**WHAT YOU WILL DO**
Could the lines from the start of the data through the line with "A framed art" be set down exactly, with no pictures among them?

=== Begin Enclosure ===

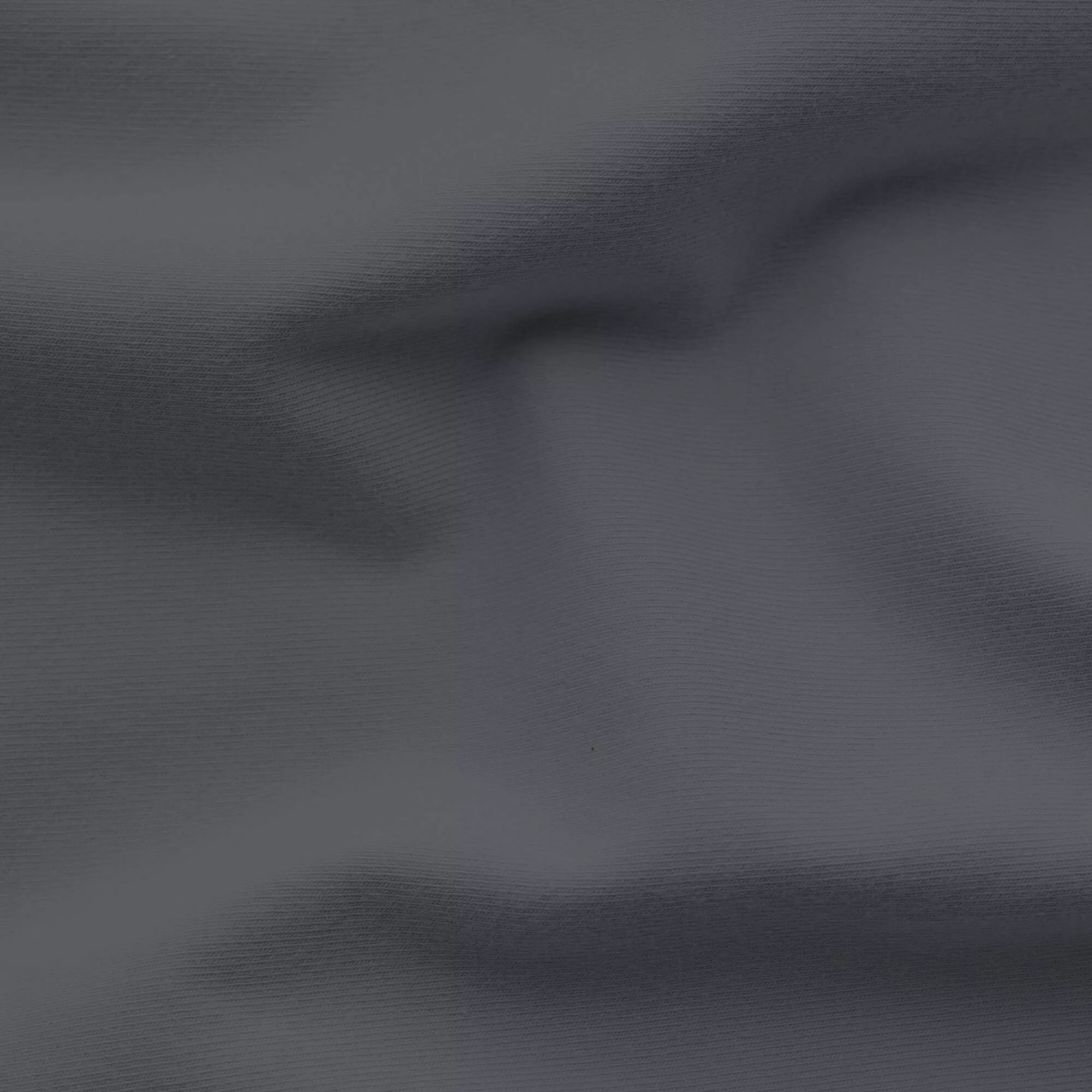 Spannbettlaken Premium von Schlafgut in Farbe grey deep aus 95% Bio-Baumwolle und 5% Elasthan auf Bett seitlich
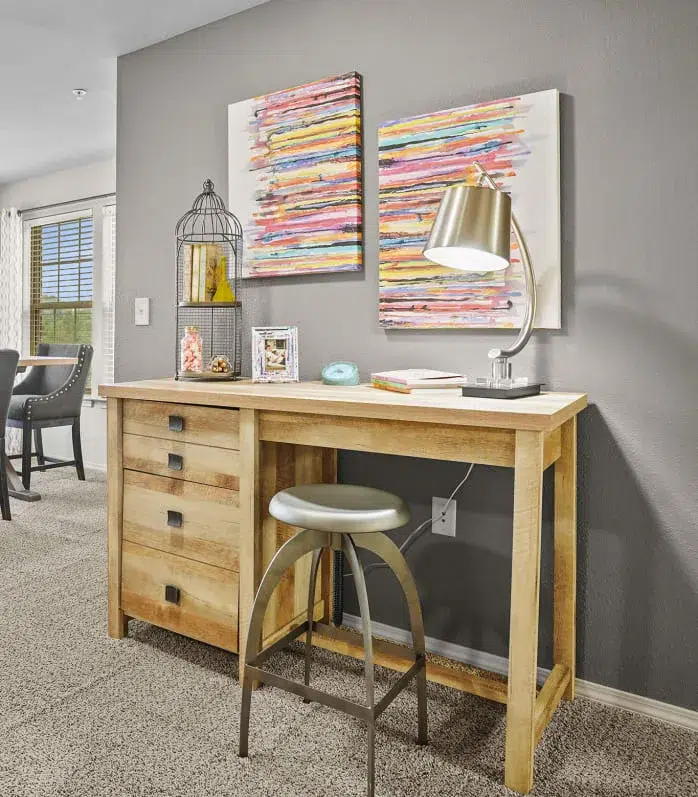 Carpeted living room at Portofino Apartments in Wichita, Kansas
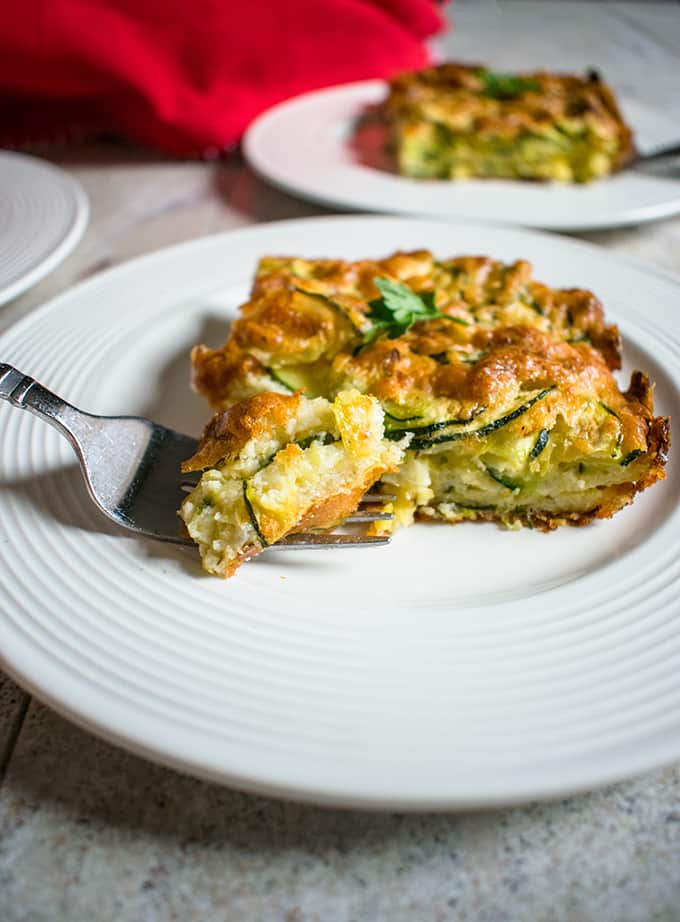 A plate of zucchini casserole with a forkful of food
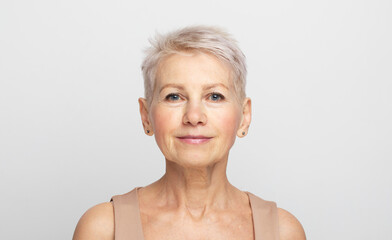 Beauty portrait of mature woman over light grey background
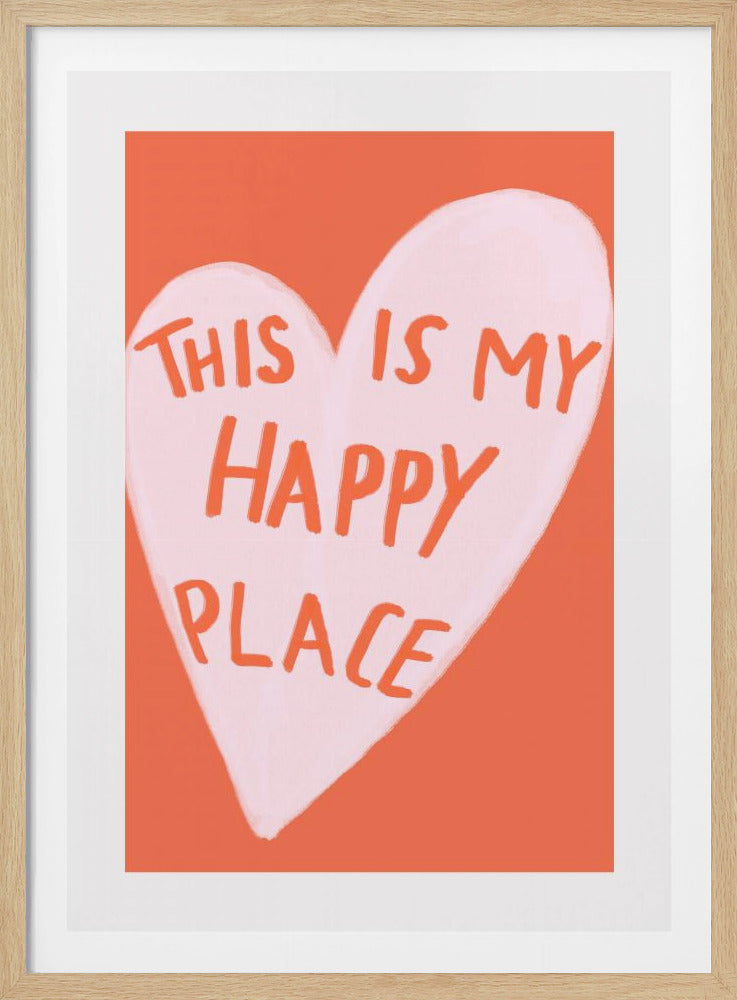 A framed art print featuring a light pink hand-drawn heart on a solid coral-orange background. Inside the heart, the phrase 'THIS IS MY HAPPY PLACE' is written in a casual, handwritten orange font. Artwork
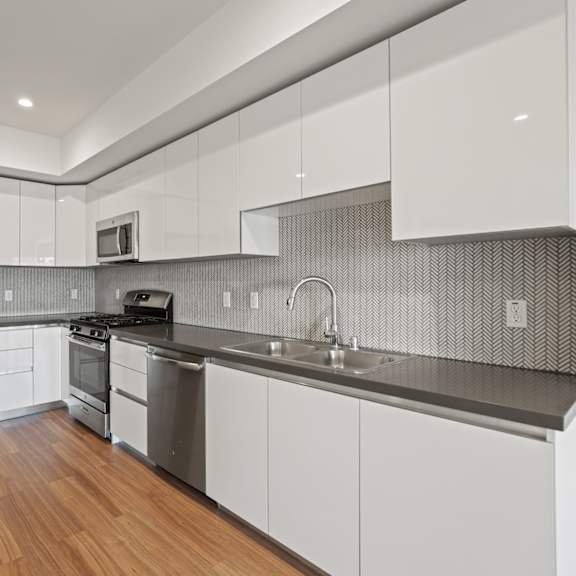 kitchen with ample cabinet storage at gramercy park by wiseman, los angeles, ca, 90004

=== End Enclosure ===

**EXPECTED OUTPUT**
 Spannbettlaken Premium von Schlafgut in Farbe grey deep aus 95% Bio-Baumwolle und 5% Elasthan auf Bett seitlich
 Carpeted living room at Portofino Apartments in Wichita, Kansas
 A plate of zucchini casserole with a forkful of food
 Beauty portrait of mature woman over light grey background
 A framed art print featuring a light pink hand-drawn heart on a solid coral-orange background. Inside the heart, the phrase 'THIS IS MY HAPPY PLACE' is written in a casual, handwritten orange font. Artwork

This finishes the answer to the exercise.